True or false: Suppose that \(A^K \equiv_N 1\), where \(A \neq 1\). Then \(\varphi(N) | K\).
Determine, with proof, \(750^{10002} \pmod{251}\). Note that \(251\) is prime.
Determine, with proof, \(251^{(15^{251})} \pmod{7}\).
Let \(G\) be a generator in \(\mathbb Z_N^*\), and let \(R \in \mathbb Z_{\varphi(N)}\) be chosen uniformly at random. For every \(A \in \mathbb Z_N^*\), determine \(\Pr[G^R = A]\).
Let \(R \in \mathbb Z_N^*\) be chosen uniformly at random. For every \(A, B \in \mathbb Z_N^*\), determine \(\Pr[A \cdot_N R = B]\).
What is Euler’s Theorem?
What is a generator in \(\mathbb Z_N^*\)?

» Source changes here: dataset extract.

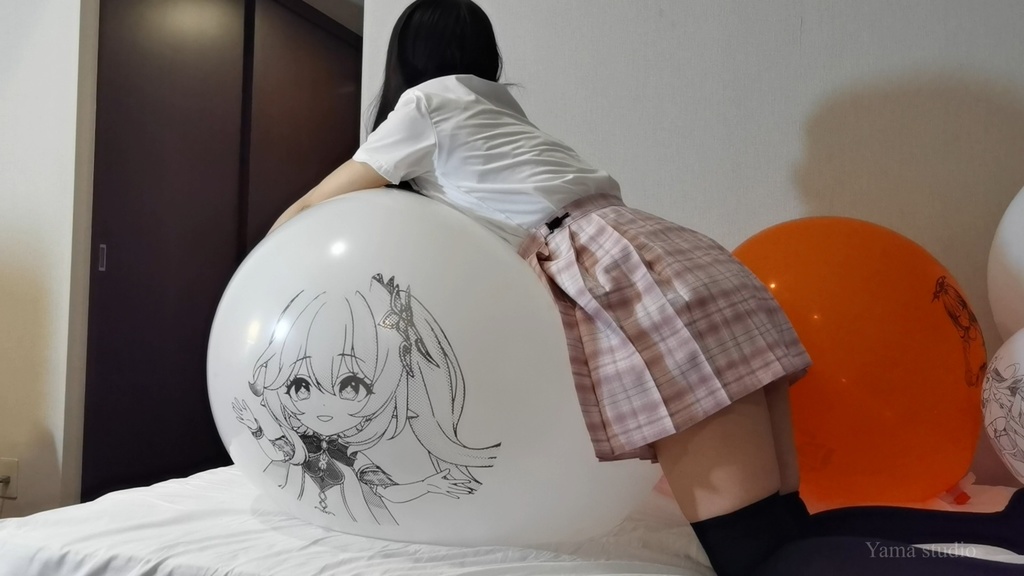 黒髪Mちゃんの巨大イラスト風船遊び&割り M-chan's big Anime balloon play & pop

Consider the addition, subtraction, multiplication, division, exponentiation, taking logarithm, and taking root. Which of these operations are known to be polynomial-time solvable when the universe is the integers? Which of them are known to be polynomial-time solvable in the modular universe?
What is an efficient algorithm for finding the multiplicative inverse of an element in \(\mathbb Z_N^*\)?
The theory behind modular arithmetic should mostly be review. It is important to know how the basic operations are defined and what kind of properties they have.
For which modular arithmetic operations do we have an efficient algorithm for (and what is that algorithm)? For which operations do we not expect to have an efficient algorithm? And for these operations, why don’t the “obvious” algorithms work? You should have a solid understanding of all these. Please internalize Important Note (Our model when measuring running time) and Important Note (Integer inputs are large numbers).